When Facebook first appeared on the scene, the dominant force was MySpace. MySpace was a hot mess. There was something refreshing about Facebook - it was clean, simple, fast. You could always find the person you were looking for by their real name. All while taking the personality and expression out of social networking. Everyone was reduced to a single blue-grey page with a few photos. No more auto-playing death metal when you visited somebody’s profile, or hot pink flashing text and sparkles. No more Comic Sans.

At the time, Facebook was useful, as a place to share photos and keep in contact with people even as they dropped their phones in the toilet.

Now, Facebook has overstayed its welcome in our subconscious. Everyone knows somebody who wants to or has quit Facebook. How did we get to the point where a service is now harming people, yet they struggle to leave it? Isn’t that the very definition of an abusive relationship?

It all started with engagement. The metric that internet companies crave. It’s the modern equivalent of ‘eyeballs’ from the internet bubble of the nineties. Engagement is typically calculated from metrics such as the number of posts you’ve liked, videos watched, time spent scrolling through the news feed. Management types love it. It gives a supposedly objective view across users of how engaged they are with your app, and you can make nice charts showing upward trajectories.

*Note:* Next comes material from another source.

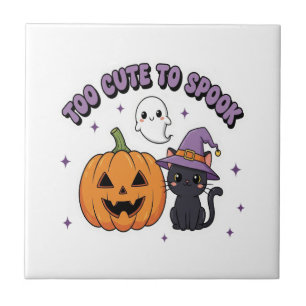 To Cute to Spook Halloween Tile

The drive for revenue has led to a drive to optimise ‘user engagement’. The more engagement, the more ad revenue, so the theory goes. But this endless race to squeeze every ounce of engagement has left users exhausted. The problem is that engagement does not equal satisfaction.

The news feed was the big turning point. It was through this feed that Facebook exploited our biggest human insecurities and the fear of missing out, whether intentionally or not. By definition, the news feed shows the highlight reel of our lives. The most liked - engaging - posts bubble to the top and quietly whisper, “What are you doing with your life?“.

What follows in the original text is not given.